Lee et al.114 reported initial clinical experience on MR derived CMRO2 in seven acute stroke patients who underwent a series of MRI, including 4.5 ± 0.9 h (tp1), three to five days (tp2), and 1 to 3 months (tp3) after symptom onset. Several brain regions were operationally defined using tp3 T2-weighted images and diffusion/perfusion images at tp1. Specifically, T2-weighted images obtained from tp3 were used to determine final infarction. Ischemia penumbra was defined as regions exhibiting diffusion-perfusion mismatch at tp1. Finally, the salvaged penumbra was defined as regions in the ischemic penumbra not evolved to infarction at tp3. They showed that MR-derived CMRO2 value in the regions eventually infarcted and salvaged penumbra were reduced to 0.40 ± 0.24 and 0.55 ± 0.11 of the contralateral hemisphere, respectively. These results appear consistent with that reported using PET.116,121,140,141,143–145
Several studies have been conducted to evaluate the potential efficiency of MR derived oxygen metabolism for evaluating acute stroke patients. Gersing et al.146 separately measured R2, R2*, rCBV, and rCBF in 23 acute stroke patients (<6 h from symptom onset). Using equation (5), OEF was obtained, which in turn provided an estimate of CMRO2 as the product of OEF and CBF. In comparison to diffusion and perfusion results, a significantly reduced CMRO2 was observed in the diffusion defined abnormal regions but not in the perfusion impaired areas when compared to that in the contralateral hemisphere. Similarly, Bauer et al.147 separately measured R2 and R2*, which in turn provided an estimate of R2′ (equation (2)). Diffusion and perfusion images were also acquired. Time-to-peak maps using perfusion images were thresholded to define different degrees of perfusion deficits. R2′ values were significantly increased in the diffusion-defined abnormal regions when compared to that in the contralateral hemisphere, similar to that reported by Gersing et al.146 However, a significant increase in R2′ values was also observed in the perfusion-impaired regions when compared to that in the contralateral hemisphere but was significantly lower than that in the diffusion-defined abnormal regions. These findings appear to differ from those reported by Gersing et al.146 Since CMRO2 was employed by Gersing et al.146 while only R2′ values were used by Bauer et al.,147 which did not take into consideration of CBF; this major experimental difference may lead to the observed discrepancies.

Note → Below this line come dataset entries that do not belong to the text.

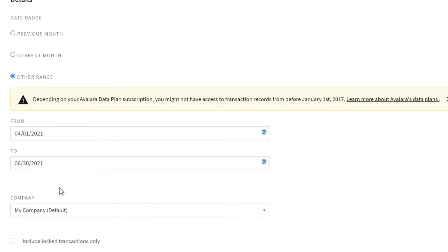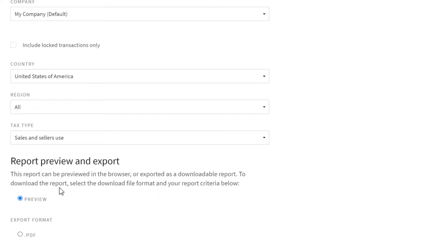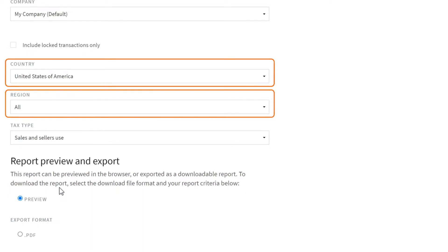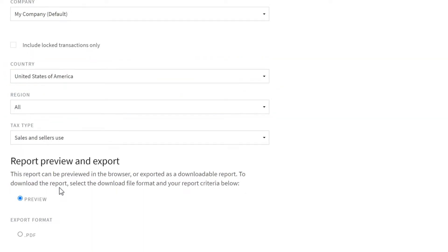There are several other filters available, including the country and region filters, which allow you to filter by state.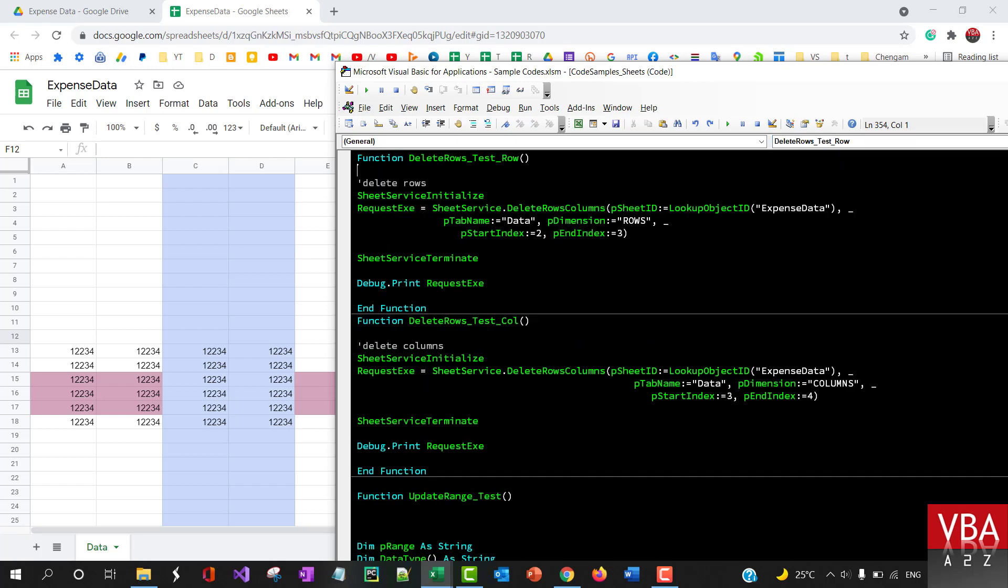In this, you just need to specify the starting row and end row, and here you have to specify the dimension type, which is supposed to be rows, and then the name of the tab or the sheet, and then the file name.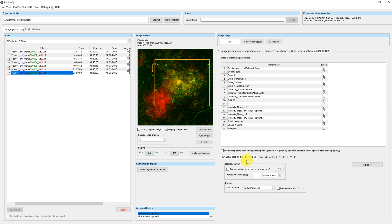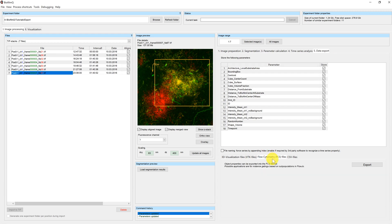At the bottom you have three different tabs for three different output types. You can create 3D visualization files, flow cytometry standard files, and CSV files which can be opened by any default spreadsheet software.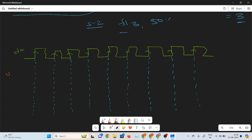50% means on time and off time should be same. So for 1 and half clock, it will be off — means logic 0 — and for 1 and half clock, it will be logic 1. It will repeat like that. So this is the F by 3 circuit with 50% duty cycle. Logic 0 for 1 and half clock and logic 1 for 1 and half clock, and it will repeat.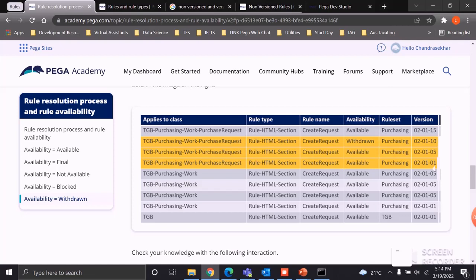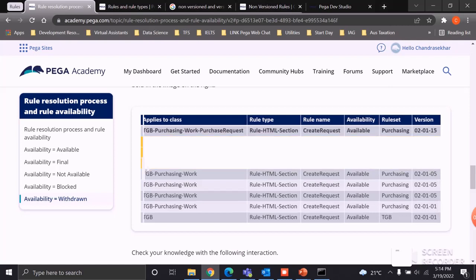The remaining rules are not ignored because they belong to different classes. For example, if you're working with the TGB Purchasing Work Purchase Request class, only those rules belonging to that specific class are affected by the Withdrawn status. When the second highest version is set to Withdrawn, all remaining lower versions are ignored except the highest version above the withdrawn rule.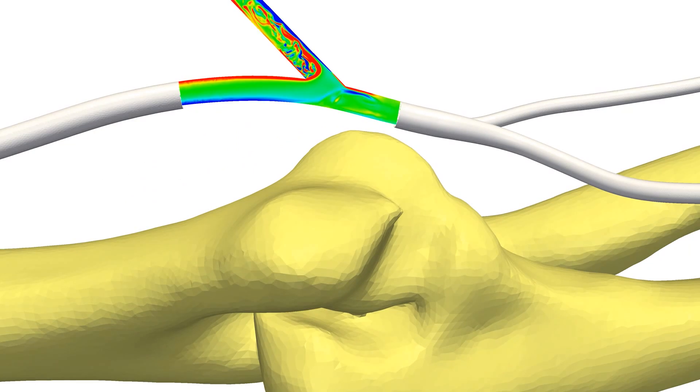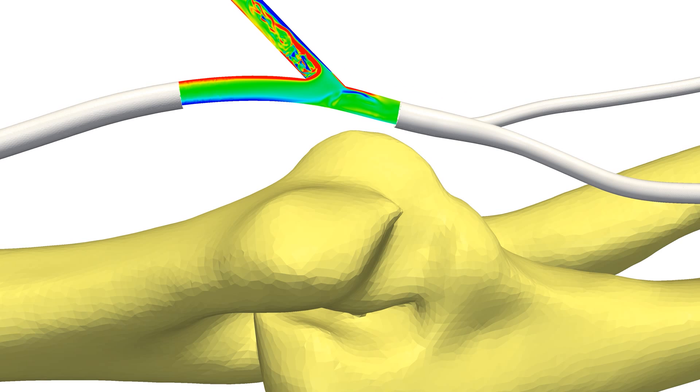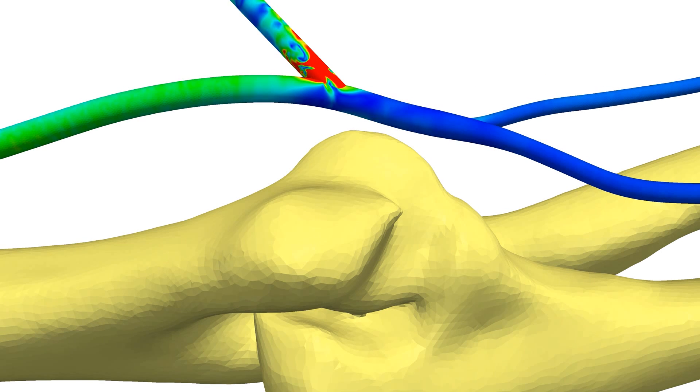So atherosclerosis is a very important disease. If you can understand better how and why the formation of atherosclerosis is related to flow patterns, you might have more of a handle on why it occurs and hopefully find routes to trying to stop it and prevent it occurring.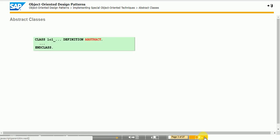An abstract class contains both definition and implementation but cannot be instantiated. Use the abstract addition in the class statement to create an abstract class. Superclasses are a typical use for abstract classes, as they are not to be instantiated themselves, but their subclasses are.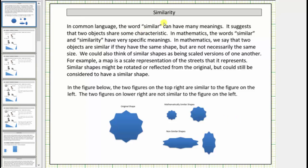Welcome to a lesson on similarity. In common language the word similar can have many meanings — it suggests that two objects share some characteristic. In mathematics, the words similar and similarity have very specific meanings. We say two objects are similar if they have the same shape but are not necessarily the same size.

More recently, An et al. reported results in a larger sample size (n = 40)105 using the ASE approach. Similar to their early study, ischemic stroke patients underwent a series of MR imaging sessions, including <4.5 h, 6 h, and 1 month after stroke onset. An ASE sequence was used to acquire images for estimating OEF while dynamic susceptibility contrast was used to obtain CBF, which in turn provided an estimate of oxygen metabolic index (OMI). Using a computation-intensive method, they aimed to identify OMI thresholds for delineating ischemic penumbra (Figure 5): a lower threshold value below which tissue would eventually evolve to infarct (ischemic core) and an upper threshold to distinguish ischemic penumbra from tissue not-at-risk for infarction. In other words, tissues with OMI values lie between the upper and lower OMI threshold values would be indicative of ischemic penumbra where final tissue fate depends on whether CBF is restored in a timely manner. They reported that the optimal OMI lower and upper threshold were 0.28 and 0.42 of normal values of the contralateral hemisphere, respectively (Figure 6). That is, tissues with an OMI less than 0.28 reflect ischemic core whereas greater than 0.42 represent normal (oligemic) tissues, respectively. A 10-fold cross-validation method was used to further evaluate the experimentally derived OMI threshold values. Median infarct probabilities were 90.6% for core, 89.7% for nonreperfused penumbra, 9.95% for reperfused penumbra, and 6.28% for not-at-risk tissue, respectively.
Figure 5.
Pictorial diagram provides the definitions of different categories of brain tissue under ischemic insults and the lower (irreversible injury) and upper (reversible injury) MR derived oxygen metabolic index threshold values to separate core (infarct probability (IP) = 100%) from penumbra and penumbra from oligemia (IP = 0%), respectively. In addition, penumbra is further separated into non-reperfused (IP = 100%) and reperfused penumbra (IP = 0%), respectively. (Reprinted with permission from An et al.105).
Figure 6.
A representative example of an ischemic stroke patient is shown. The patient was imaged three times, including hyperacute (<3 h), acute (∼6 h) and chronic (1 month) stages. Column A shows the MR derived oxygen metabolic index maps using the approach proposed by An et al. The images were obtained at ∼2 h 10 min after symptom onset. The patient received tPA infusion concurrently with MR imaging. With the experimentally derived two threshold values, core/penumbra = 0.28, penumbra/not-at-risk = 0.42, ischemic tissues are classified into predicted core, predicted non-reperfused penumbra, predicted reperfused penumbra, and predicted not-at-risk tissues and overlay onto MR images (Column B), respectively. Column C shows the dead and alive tissues based on FLAIR image obtained from the same patient at chronic stage (Column D), overlaying on MR images of the four tissue categories. FLAIR: fluid attenuation inversion recovery; tPA: tissue plasminogen activator. (Reprinted with permission from An et al.105).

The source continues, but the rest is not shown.